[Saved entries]
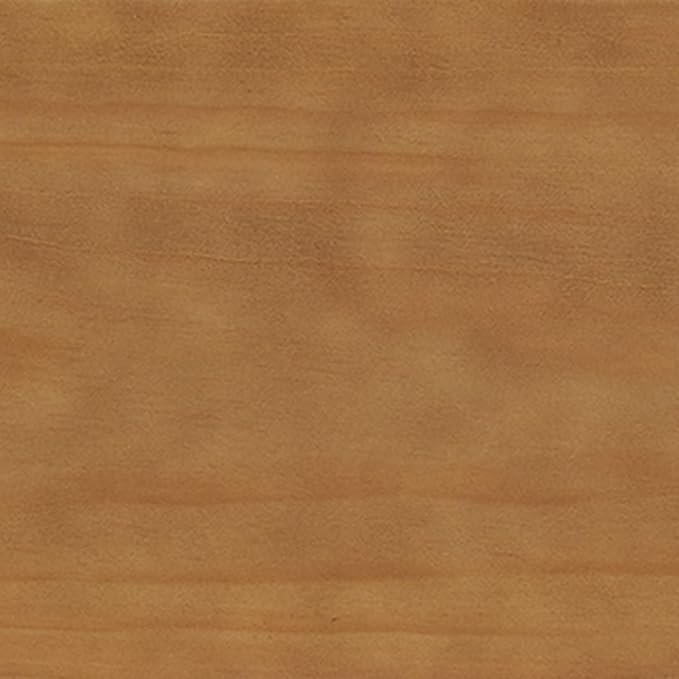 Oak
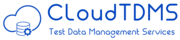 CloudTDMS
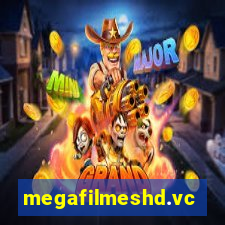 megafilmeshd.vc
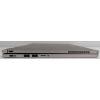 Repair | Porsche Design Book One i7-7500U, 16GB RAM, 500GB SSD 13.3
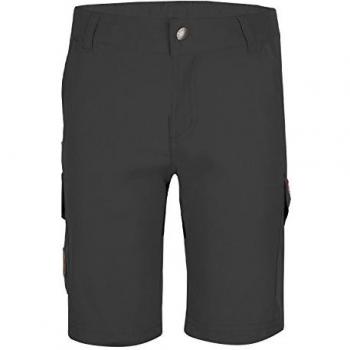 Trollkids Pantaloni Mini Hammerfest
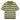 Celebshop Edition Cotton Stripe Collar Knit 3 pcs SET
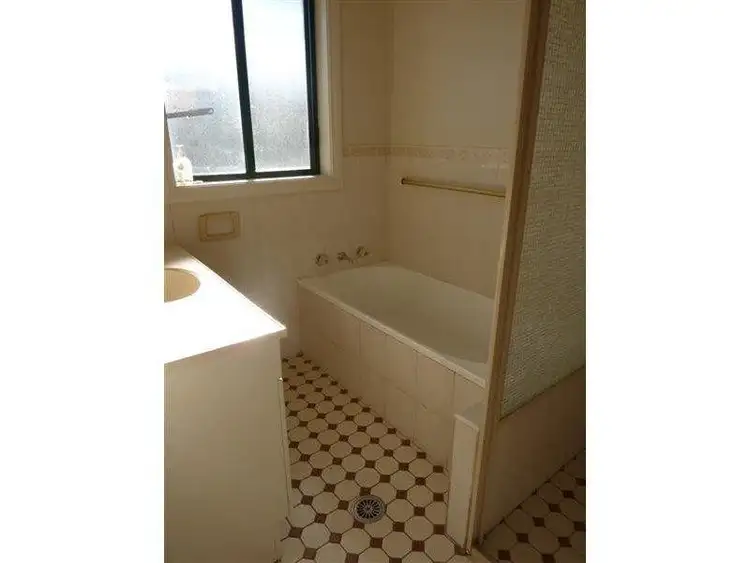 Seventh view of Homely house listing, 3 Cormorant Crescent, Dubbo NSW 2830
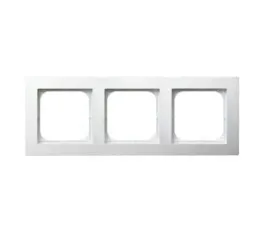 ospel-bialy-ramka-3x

[WHAT THE TASK REQUIRES]
Please set down the records above word for word and omit their pictures.

[RESPONSE TO THIS TASK]
 Oak
 CloudTDMS
 megafilmeshd.vc
 Repair | Porsche Design Book One i7-7500U, 16GB RAM, 500GB SSD 13.3
 Trollkids Pantaloni Mini Hammerfest
 Celebshop Edition Cotton Stripe Collar Knit 3 pcs SET
 Seventh view of Homely house listing, 3 Cormorant Crescent, Dubbo NSW 2830
 ospel-bialy-ramka-3x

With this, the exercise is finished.